Is a volatile reference a safe way to pass MotionEvents between threads?

Question

I am curious about the safety of this method I have considered using for passing touch events in my Android application (and testing my understanding of concurrency in Java). Here's the basics:

I have a SurfaceView hooked up to SurfaceHolder.Callback to get user input events, mainly the onTouchEvent callback. After the onTouchEvent method is invoked, I see if event.getAction() == MotionEvent.ACTION_UP and, if so, call a method I have named postTouchEvent which is a member method of my app thread that updates the application's state and draws to the canvas.

SurfaceView

@Override
public boolean onTouchEvent(final MotionEvent event)
{
    mAppThread.postTouchEvent(event);
}

AppThread

private volatile MotionEvent mInputEvent;

public void postTouchEvent(final MotionEvent event)
{
    this.mInputEvent = event;
}

@Override
public void run()
{
    // while loop ...

    if (this.mInputEvent != null)
    {
        final MotionEvent inputEvent = this.mInputEvent;
        this.mInputEvent == null;

        // update state based on inputEvent (not this.mInputEvent)
    }

    // draw to canvas
}

Now I understand that it is certainly not atomic, but since I treat it as immutable after receiving it from framework, won't this work? (Instead of synchronizing the post method and the if statement, which I have no problem doing, but I'm asking to learn.)

Here are my thoughts. I know I will have a valid reference to the object but I am unsure in what state I will actually see the object. While testing everything is working out just fine but I am aware of how uncommon threading exceptions can be, even if something is broken.

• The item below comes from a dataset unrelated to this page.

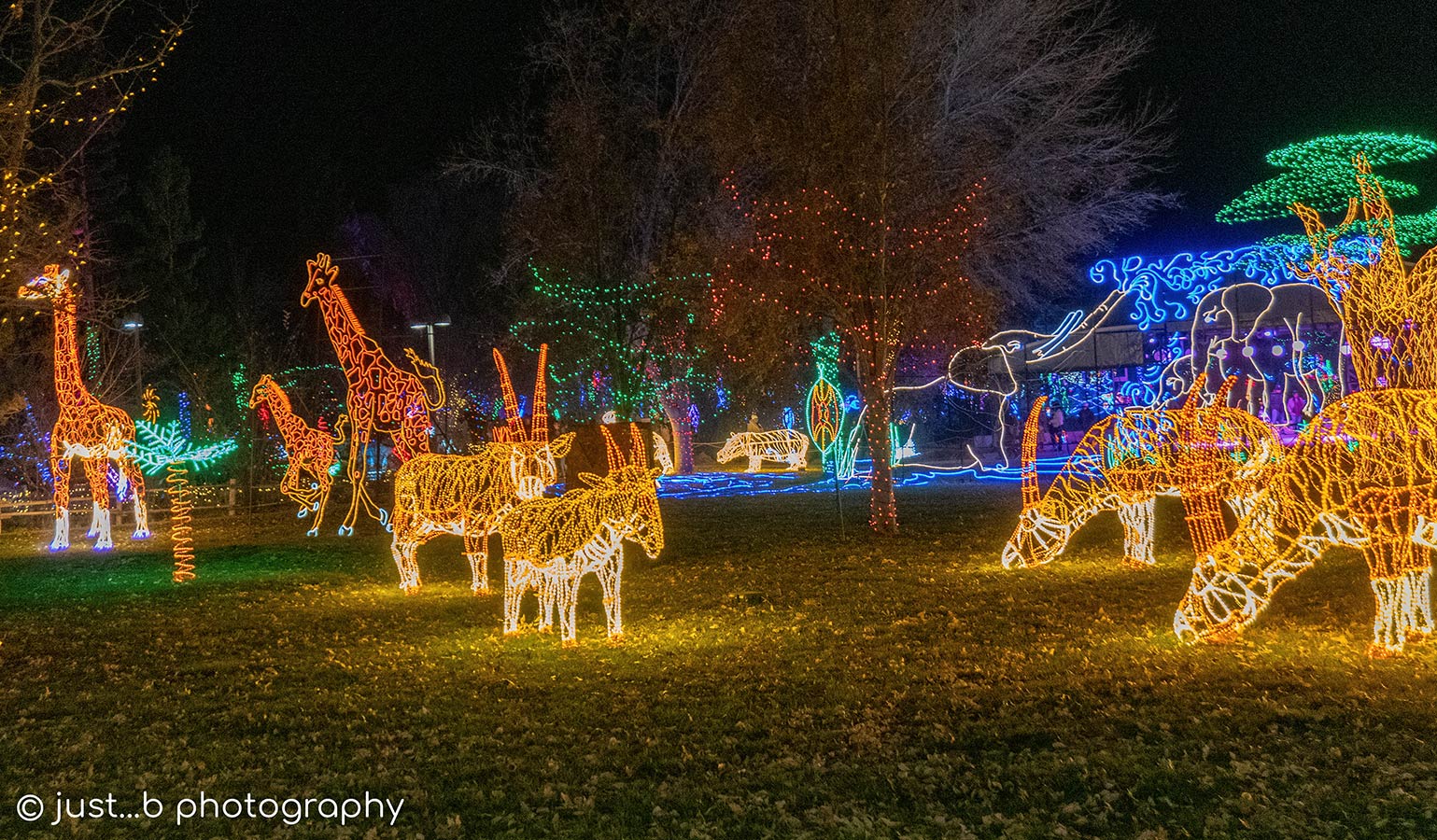 Petit Roulet「 City Lights 」 Petit Roulet「 City Lights 」 Turn Signals - Mini Bullet - Shorty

Also, I can see one problem with this: If another MotionEvent comes though, it's possible that inputEvent in the run() method will be set to a different event than the one that was referenced when this.mInputEvent != null was checked, but this really isn't an issue.

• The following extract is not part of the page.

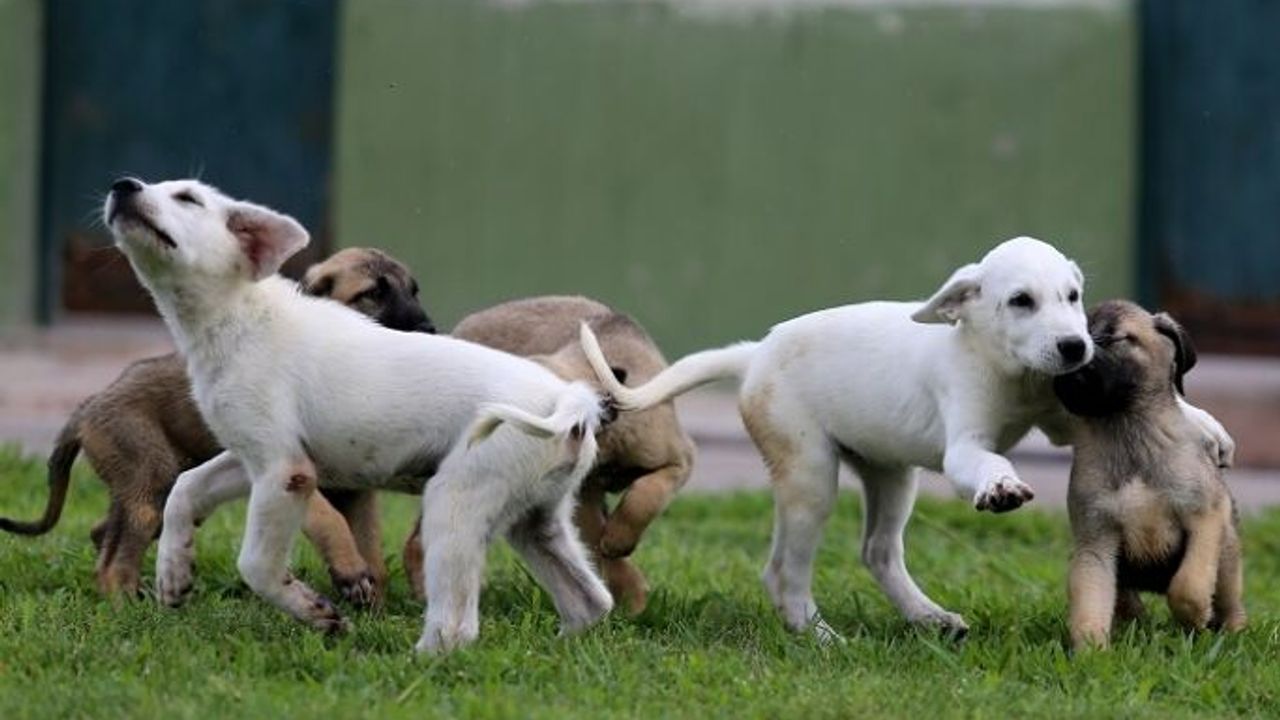 Bu köpekler için 15 ay sıra bekliyorlar! Bursa'da yetiştiriliyor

So, is there anything I am missing or, for my purposes, should this be ok?

Answer 1

I think that is "safe", modulo the point that you have already identified about lost events.

There is a "happens-before" relationship for a write action on a volatile and a subsequent read action. This, combined with the "happens-before" relationships inherent in actions within a single thread, should mean that your app thread will see the true state of event object as of the time that its reference was written to the volatile.

Of course, if the event listener thread changes the state of the event object after updating the reference, there are no guarantees that the app thread will see them. Ditto, if a third thread updates the event object.

Answer 2

No, this is not safe, but not for the reason you might expect.

ViewRoot.java, line 1841. This is the code that dispatches your MotionEvents down the view hierarchy. Line 1841 is part of a finally block that calls recycle() on the MotionEvent that has just been dispatched.

MotionEvents are not left to be garbage collected like most objects, they are pooled and recycled to avoid unnecessary memory allocation and garbage collection during event dispatch. Recycling a MotionEvent returns it to the object pool to be used again later when a new MotionEvent is needed. After recycle() has been called, a MotionEvent should be considered invalid.

Your example code may end up reading a MotionEvent object that has been reused by the framework and now contains completely different data.

If you plan to hang on to a MotionEvent after onTouchEvent returns, clone it using MotionEvent.obtain(event). The static obtain() method will return a new MotionEvent from the object pool with the same content.

You should call recycle() when you are done with a MotionEvent that you obtain()ed yourself to return it to the pool. It's not a huge deal if you forget this step, it will become regular Java garbage and the framework will create new MotionEvents when needed. However, MotionEvents can be dispatched very rapidly by the system to the point where cooperating with this optimization can make a nontrivial difference in performance on some devices.